Exercise requirements ::
Among the entries below, only the lines from the one with "Notenbuchlein fur Anna Magdalena Bach (1725)" through the one with "КПП пост охраны Охранный будка" are wanted, reproduced exactly. Pictures are not wanted.

The data ::
Start of Block

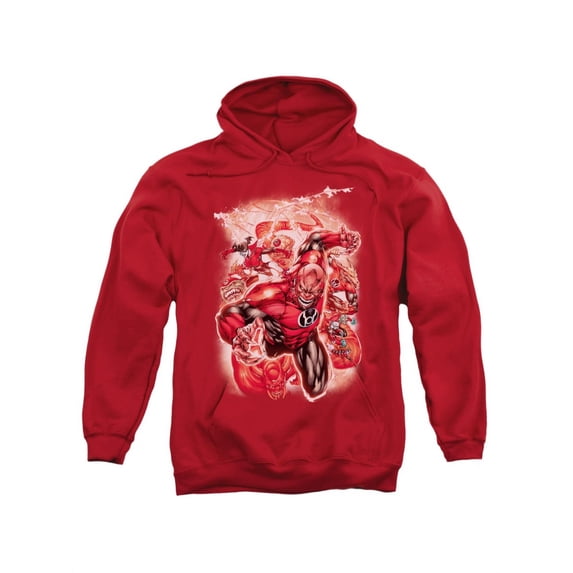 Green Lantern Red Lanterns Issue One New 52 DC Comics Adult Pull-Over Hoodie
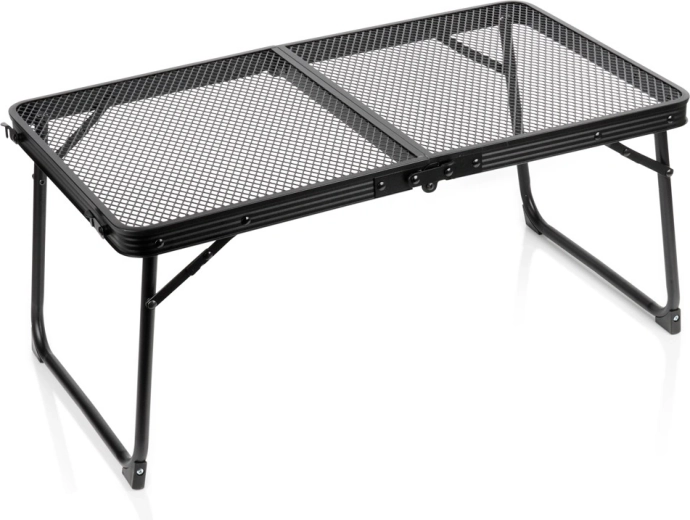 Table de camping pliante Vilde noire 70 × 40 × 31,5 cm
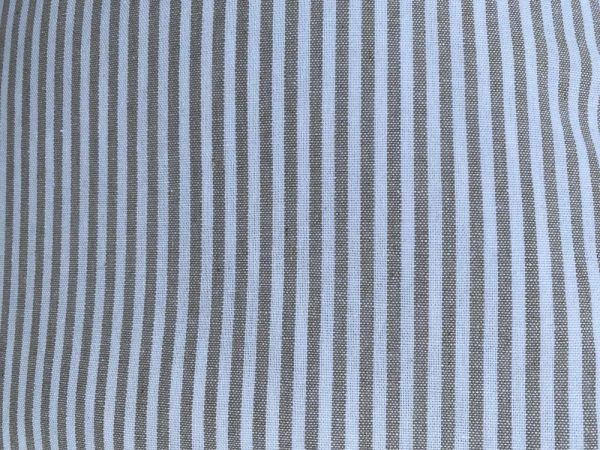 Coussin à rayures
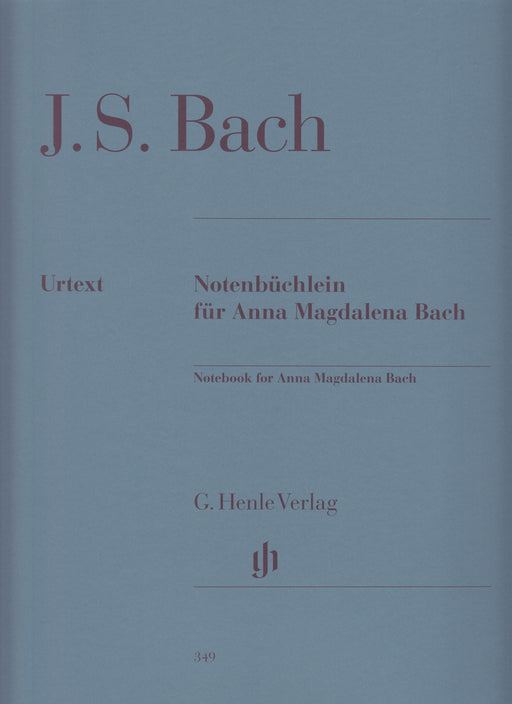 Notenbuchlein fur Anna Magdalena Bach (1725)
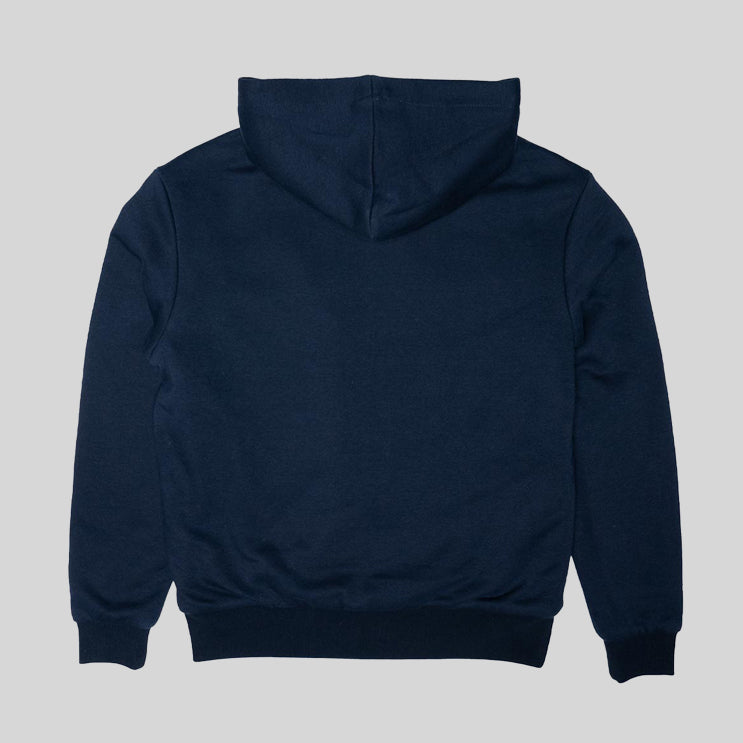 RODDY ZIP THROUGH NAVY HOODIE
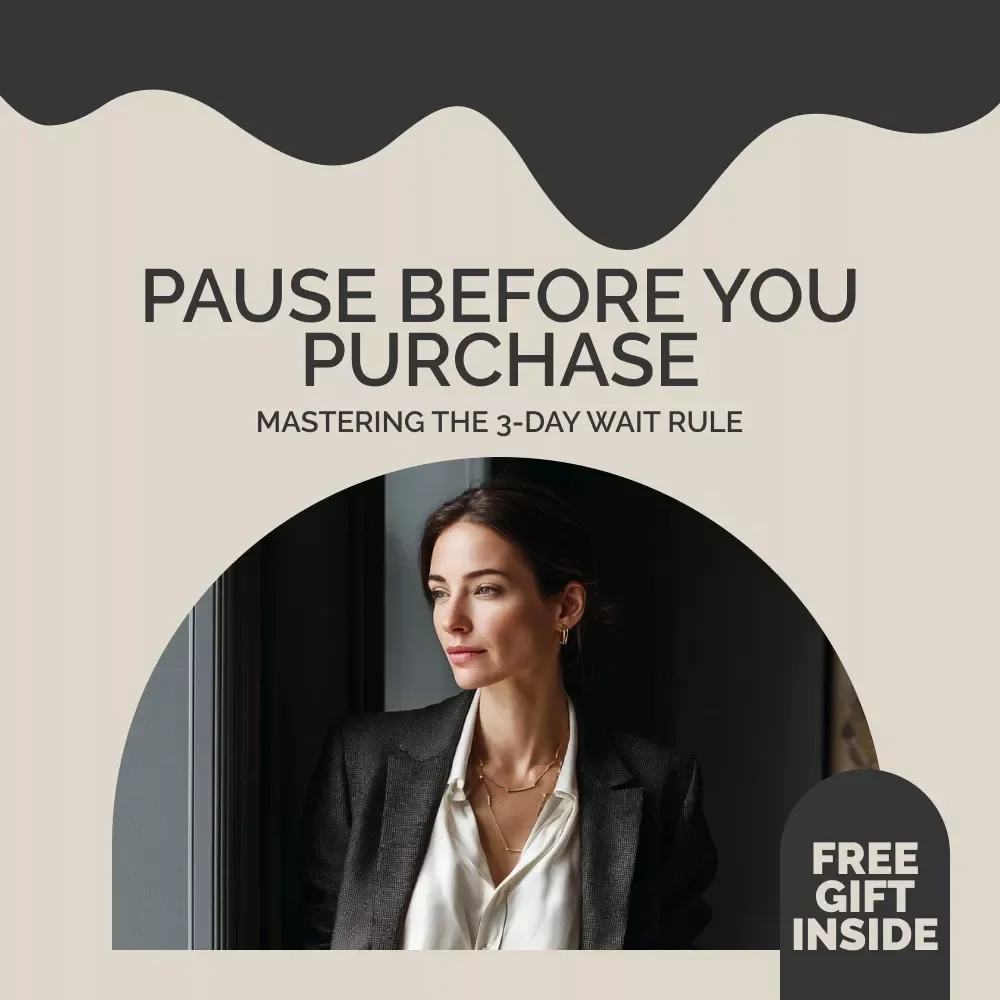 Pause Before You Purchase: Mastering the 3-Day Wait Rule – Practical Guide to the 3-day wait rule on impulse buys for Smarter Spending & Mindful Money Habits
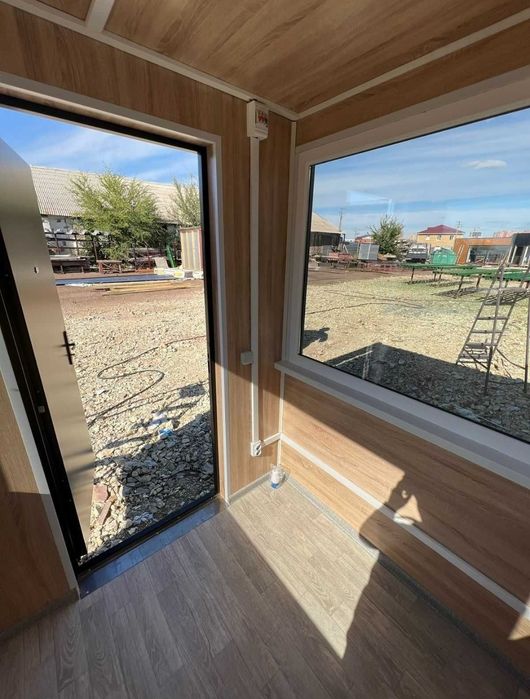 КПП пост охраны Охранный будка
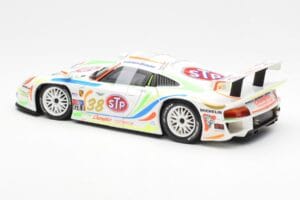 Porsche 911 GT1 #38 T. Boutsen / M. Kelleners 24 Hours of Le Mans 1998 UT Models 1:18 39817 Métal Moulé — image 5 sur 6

End of Block
Start of Block

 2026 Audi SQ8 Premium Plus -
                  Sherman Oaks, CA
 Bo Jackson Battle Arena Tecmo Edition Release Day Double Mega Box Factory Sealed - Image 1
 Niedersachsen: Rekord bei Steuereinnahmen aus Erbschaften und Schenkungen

End of Block
Start of Block

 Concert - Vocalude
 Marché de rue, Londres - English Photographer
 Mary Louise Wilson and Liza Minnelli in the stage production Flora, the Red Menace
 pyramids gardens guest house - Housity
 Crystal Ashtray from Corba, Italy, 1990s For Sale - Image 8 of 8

End of Block

Exercise output ::
 Notenbuchlein fur Anna Magdalena Bach (1725)
 RODDY ZIP THROUGH NAVY HOODIE
 Pause Before You Purchase: Mastering the 3-Day Wait Rule – Practical Guide to the 3-day wait rule on impulse buys for Smarter Spending & Mindful Money Habits
 КПП пост охраны Охранный будка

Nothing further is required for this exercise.